The Textiles Department holds more than 38,000 of the most varied objects of decorative art. The chronological range of the collection covers the period from the end of the XVII century to the present. The main items belong to the XIX and XX centuries. The range of interests is extremely wide: from ethnographic material to contemporary works. The main criterion for the selection of objects is their artistic merit.

Gradual forming of the textile collection has been going on during the whole time of the museum existence. At first, the collection came from such major museums as the State Russian Museum and the State Historical Museum. Since the foundation of the Museum, the All-Russian Decorative Art Museum has been actively participating in expeditions and purchasing traditional folk costumes, samples of peasant embroidery and weaving from various regions of Russia.

An essential role in replenishing the collection is played by the acquisition of decorative-applied and folk-art objects from private owners and collectors. Textile as a collecting object was of interest for a rather limited circle of antique lovers, so the names of collectors, who showed an interest in this material, are especially significant. The museum houses and exhibits a part of the famous collection of art textiles of Natalia Leonidovna Shabelskaya (1841-1904), donated to the museum from France in 1991 by Pavel Mikhailovich Tolstoy-Miloslavsky. The name of the well-known collector, the owner of the largest in pre-revolutionary Russia collection of decorative-applied art of the XVII - early XX centuries, can be compared with the names of such collectors as P.M. Tretyakov, P.I. Schukin, I.A. Morozov, A.A. Bakhrushin, whose collections formed the basis for the largest Russian museums. N.L. Shabelskaya's contribution to the Russian culture was enormous and was appreciated by her contemporaries. She had gathered a unique collection of traditional folk costumes, headdresses, embroidery samples, patterned weaving, lace, gold and silver embroidery.

The museum also has a collection of silk embroidery from the collection of Nikolay Nikolaevich Sobolev (1874-1966), a renowned teacher, researcher of applied arts and author of books on the history of Russian embroidery and textiles; and a large collection of folk embroidery by ethnographer, archeologist, art historian Natalia Klein (1888 - 1972).

In the 1980s and the early 1990s, the collection of authors' clothing and textiles of the 1960s-1980s was formed with the money from the Art Fund of the RSFSR, the Artists' Union, and the Research Institute of the Art Industry.

One of the areas of the museum's collecting efforts is the acquisition of works and collections from the artists themselves or their heirs, as well as purchasing items from exhibitions. Annual exhibitions, organized by the museum's textile department, called "Golden Autumn", which reflected the main trends in the development of modern tapestry and decorative textiles, aroused a great interest. In addition, personal exhibitions of textile artists and fashion designers were held. The best works of modern authors participating in these exhibitions joined the Museum's collection.

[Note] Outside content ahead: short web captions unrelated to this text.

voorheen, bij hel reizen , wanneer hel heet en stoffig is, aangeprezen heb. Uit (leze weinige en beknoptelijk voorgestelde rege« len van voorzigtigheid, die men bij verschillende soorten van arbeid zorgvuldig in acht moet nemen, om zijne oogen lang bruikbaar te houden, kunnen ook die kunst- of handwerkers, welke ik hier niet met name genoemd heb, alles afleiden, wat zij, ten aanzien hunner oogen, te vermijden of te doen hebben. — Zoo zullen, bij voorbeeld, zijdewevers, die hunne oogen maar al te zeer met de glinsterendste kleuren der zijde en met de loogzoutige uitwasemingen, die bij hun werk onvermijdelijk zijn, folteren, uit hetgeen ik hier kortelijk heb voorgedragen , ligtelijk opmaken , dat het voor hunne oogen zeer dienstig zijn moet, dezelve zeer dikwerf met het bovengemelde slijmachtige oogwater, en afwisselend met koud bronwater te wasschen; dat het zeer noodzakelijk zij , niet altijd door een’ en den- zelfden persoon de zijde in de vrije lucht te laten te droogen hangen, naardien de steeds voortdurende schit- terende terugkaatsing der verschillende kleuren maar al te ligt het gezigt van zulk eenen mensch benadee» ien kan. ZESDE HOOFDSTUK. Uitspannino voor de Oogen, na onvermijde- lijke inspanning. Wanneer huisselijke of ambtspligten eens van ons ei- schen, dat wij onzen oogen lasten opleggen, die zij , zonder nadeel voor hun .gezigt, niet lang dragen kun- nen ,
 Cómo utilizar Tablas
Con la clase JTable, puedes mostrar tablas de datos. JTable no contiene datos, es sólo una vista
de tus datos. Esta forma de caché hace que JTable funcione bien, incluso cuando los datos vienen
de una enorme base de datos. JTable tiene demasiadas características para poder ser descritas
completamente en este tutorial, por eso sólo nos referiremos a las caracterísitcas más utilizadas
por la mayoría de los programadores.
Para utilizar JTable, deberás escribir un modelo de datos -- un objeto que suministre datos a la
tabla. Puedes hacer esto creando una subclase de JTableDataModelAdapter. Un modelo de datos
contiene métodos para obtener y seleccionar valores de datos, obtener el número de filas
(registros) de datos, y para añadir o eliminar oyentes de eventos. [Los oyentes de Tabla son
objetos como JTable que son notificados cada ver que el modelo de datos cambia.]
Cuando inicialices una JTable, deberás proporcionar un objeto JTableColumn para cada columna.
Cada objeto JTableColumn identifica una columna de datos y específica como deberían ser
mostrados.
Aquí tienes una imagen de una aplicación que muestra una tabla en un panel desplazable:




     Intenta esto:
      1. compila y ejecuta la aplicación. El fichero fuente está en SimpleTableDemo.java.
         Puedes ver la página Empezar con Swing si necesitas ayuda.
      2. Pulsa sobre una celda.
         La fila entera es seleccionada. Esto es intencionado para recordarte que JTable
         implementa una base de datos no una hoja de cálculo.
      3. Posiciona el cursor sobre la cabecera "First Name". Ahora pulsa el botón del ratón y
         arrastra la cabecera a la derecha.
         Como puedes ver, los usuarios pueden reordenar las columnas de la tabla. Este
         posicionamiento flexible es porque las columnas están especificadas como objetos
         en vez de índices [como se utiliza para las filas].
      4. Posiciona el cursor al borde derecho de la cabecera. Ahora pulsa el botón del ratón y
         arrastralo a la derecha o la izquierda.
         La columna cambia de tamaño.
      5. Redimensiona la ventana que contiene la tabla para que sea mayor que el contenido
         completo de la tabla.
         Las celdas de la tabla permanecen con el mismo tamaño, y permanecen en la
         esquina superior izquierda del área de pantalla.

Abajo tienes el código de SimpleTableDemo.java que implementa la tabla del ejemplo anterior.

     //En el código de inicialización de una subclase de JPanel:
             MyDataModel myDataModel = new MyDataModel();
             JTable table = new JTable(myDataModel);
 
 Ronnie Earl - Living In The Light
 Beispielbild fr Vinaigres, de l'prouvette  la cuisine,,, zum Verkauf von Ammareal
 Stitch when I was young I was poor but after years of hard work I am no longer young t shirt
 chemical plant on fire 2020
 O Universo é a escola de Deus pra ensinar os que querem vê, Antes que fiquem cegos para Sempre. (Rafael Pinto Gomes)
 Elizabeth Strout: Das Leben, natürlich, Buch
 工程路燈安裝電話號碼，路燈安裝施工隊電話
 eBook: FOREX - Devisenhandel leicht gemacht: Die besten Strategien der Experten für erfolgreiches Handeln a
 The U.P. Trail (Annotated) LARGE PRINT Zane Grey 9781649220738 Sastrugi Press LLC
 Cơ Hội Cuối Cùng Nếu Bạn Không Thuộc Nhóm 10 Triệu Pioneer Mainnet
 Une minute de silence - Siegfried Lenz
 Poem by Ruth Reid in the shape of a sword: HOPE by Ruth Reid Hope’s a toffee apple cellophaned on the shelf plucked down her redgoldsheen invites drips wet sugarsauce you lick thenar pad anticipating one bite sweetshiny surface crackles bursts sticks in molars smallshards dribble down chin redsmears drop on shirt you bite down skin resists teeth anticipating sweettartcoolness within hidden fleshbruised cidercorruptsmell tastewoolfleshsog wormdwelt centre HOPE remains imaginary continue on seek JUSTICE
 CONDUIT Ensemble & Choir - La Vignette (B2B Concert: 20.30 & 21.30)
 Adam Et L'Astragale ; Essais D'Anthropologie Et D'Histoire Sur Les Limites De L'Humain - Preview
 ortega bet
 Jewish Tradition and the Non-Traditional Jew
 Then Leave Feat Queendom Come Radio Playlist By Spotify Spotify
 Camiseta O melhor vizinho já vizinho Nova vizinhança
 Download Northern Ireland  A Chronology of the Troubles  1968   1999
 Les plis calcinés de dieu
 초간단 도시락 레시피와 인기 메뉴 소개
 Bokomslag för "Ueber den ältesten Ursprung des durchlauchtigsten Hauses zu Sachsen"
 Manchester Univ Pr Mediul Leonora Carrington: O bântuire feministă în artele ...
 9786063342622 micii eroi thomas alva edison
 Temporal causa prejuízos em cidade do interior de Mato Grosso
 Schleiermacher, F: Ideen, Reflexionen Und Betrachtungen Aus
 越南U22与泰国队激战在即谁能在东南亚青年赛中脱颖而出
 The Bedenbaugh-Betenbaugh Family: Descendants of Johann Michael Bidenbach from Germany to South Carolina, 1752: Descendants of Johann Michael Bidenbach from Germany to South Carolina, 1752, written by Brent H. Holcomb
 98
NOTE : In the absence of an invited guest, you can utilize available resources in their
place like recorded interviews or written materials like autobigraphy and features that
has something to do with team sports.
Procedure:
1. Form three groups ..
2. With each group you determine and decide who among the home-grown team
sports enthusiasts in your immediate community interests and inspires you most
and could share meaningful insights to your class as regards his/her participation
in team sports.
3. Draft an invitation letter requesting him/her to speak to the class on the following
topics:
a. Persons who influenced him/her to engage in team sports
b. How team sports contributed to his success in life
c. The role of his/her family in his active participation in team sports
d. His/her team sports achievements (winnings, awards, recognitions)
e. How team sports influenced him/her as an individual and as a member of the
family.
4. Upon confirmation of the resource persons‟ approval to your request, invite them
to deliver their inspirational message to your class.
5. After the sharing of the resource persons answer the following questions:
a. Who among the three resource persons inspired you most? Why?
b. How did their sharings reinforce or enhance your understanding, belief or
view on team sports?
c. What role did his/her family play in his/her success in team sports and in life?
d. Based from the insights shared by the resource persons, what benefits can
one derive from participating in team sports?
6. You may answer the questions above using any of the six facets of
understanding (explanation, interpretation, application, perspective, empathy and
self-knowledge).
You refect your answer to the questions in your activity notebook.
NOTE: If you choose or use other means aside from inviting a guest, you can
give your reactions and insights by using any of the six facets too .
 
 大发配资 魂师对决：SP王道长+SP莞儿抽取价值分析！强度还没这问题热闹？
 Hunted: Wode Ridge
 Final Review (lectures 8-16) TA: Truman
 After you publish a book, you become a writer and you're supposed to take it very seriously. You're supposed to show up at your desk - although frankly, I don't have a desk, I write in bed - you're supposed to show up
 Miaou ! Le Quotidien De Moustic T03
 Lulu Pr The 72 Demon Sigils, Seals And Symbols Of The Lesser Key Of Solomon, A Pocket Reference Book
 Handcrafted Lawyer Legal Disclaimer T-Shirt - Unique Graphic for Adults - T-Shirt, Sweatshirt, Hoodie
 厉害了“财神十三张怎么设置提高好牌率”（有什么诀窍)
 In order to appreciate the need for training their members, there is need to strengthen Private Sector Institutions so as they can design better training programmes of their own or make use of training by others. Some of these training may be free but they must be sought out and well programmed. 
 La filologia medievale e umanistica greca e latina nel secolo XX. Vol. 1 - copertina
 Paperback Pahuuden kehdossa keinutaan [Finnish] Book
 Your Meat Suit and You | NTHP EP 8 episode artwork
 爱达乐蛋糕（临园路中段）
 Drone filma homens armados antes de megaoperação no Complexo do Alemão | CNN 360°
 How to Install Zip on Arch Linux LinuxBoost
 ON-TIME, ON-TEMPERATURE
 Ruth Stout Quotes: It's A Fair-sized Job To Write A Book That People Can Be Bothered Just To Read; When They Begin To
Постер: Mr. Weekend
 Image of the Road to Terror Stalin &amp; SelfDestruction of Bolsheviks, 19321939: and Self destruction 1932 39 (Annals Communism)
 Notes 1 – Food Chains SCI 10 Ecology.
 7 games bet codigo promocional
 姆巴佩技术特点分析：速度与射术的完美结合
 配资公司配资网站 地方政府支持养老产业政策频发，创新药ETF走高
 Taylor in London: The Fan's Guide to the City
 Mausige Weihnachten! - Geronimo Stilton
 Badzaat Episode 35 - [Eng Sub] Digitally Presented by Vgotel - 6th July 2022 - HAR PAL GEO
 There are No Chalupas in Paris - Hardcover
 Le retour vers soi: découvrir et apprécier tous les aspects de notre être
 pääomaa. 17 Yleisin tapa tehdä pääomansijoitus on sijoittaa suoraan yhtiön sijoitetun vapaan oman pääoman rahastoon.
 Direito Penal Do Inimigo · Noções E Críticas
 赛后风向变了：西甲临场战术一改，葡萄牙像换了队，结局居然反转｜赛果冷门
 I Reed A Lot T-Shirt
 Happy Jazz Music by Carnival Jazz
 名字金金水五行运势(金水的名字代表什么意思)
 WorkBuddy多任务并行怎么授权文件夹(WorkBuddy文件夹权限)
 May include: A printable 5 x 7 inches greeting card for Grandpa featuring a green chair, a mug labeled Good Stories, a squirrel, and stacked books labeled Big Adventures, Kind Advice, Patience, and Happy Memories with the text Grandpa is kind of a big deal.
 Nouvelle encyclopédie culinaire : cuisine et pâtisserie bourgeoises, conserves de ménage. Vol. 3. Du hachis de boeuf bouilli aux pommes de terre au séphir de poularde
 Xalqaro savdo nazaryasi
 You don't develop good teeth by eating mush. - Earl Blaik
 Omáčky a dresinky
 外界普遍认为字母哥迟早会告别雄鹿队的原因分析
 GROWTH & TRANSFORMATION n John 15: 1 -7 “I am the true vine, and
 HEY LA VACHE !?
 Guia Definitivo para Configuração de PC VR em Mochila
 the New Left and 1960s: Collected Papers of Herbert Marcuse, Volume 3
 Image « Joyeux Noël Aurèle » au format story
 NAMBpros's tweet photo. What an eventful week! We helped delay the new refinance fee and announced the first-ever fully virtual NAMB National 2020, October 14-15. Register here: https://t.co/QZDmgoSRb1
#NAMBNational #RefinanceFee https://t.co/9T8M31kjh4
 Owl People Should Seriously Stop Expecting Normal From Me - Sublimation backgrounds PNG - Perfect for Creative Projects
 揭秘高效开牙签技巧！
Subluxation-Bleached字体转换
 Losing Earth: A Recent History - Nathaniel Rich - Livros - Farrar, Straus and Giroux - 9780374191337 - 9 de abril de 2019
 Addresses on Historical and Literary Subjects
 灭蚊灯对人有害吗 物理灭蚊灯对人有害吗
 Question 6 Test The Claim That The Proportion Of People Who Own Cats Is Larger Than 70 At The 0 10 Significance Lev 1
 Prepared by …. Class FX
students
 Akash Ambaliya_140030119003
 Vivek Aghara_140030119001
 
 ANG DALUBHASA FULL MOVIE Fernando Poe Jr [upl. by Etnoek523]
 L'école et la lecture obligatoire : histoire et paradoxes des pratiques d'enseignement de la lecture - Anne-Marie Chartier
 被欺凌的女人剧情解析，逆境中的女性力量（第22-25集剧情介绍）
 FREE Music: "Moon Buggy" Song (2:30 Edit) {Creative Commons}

In 1999 the Museum was given a collection of the Museum of Folk Art (former Museum of Crafts, founded in 1885). The textile collection is one of the most important collections of the Museum of Folk Art. It includes embroidery and weaving of peoples of Russia and former Soviet republics, lace, embroidery, traditional costumes of various provinces of Russia of the XVIII - early XX centuries and also articles of modern artistic crafts. The distinguishing peculiarity and even specificity of this collection is a successive accumulation of collections covering the history of development of folk art and crafts of Russia. The most interesting is the collection of embroidery and beads, including samples of peasant embroidery of XIX - early XX centuries, objects of monastic, manorial and urban embroidery of XIX - early XX centuries, beadwork of the first half of XIX century. The beadwork and part of the embroidery collection is based on the collection of Natalia Yakovlevna Davydova and Maria Feodorovna Yakunchikova, gifted in 1919, as well as collections from the organizers of embroidery, weaving and carpet making workshops in Tambov and Kaluga provinces, who worked with Elisabeth Grigorievna Mamontova in Abramtsevo joinery workshop.